== Segment start ==
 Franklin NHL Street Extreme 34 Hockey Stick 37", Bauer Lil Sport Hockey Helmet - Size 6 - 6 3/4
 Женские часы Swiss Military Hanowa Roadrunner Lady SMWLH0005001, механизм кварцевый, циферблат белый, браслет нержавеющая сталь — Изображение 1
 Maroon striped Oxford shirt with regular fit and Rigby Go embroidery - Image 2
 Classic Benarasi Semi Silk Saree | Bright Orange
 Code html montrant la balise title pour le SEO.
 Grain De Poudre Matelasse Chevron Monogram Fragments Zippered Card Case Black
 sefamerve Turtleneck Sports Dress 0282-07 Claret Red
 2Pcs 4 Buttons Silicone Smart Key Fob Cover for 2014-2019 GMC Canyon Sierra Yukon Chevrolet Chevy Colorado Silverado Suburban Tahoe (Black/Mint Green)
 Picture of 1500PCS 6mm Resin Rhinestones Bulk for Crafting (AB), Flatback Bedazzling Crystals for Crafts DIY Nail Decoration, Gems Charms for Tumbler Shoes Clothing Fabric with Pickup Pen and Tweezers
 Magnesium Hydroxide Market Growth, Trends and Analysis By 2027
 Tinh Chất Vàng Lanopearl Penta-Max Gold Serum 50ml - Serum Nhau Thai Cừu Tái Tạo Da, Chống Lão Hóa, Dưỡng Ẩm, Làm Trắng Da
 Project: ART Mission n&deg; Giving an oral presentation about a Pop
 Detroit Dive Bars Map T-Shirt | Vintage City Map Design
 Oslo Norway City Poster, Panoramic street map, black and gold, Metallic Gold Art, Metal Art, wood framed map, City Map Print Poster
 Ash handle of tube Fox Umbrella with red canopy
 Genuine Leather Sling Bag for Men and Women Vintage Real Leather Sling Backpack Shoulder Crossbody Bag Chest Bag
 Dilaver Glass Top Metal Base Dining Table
== Segment end ==
_THE PROBLEM_
A single number is the whole answer: how many lines in the data above hold the string "Metal".

_TASK SOLUTION_
2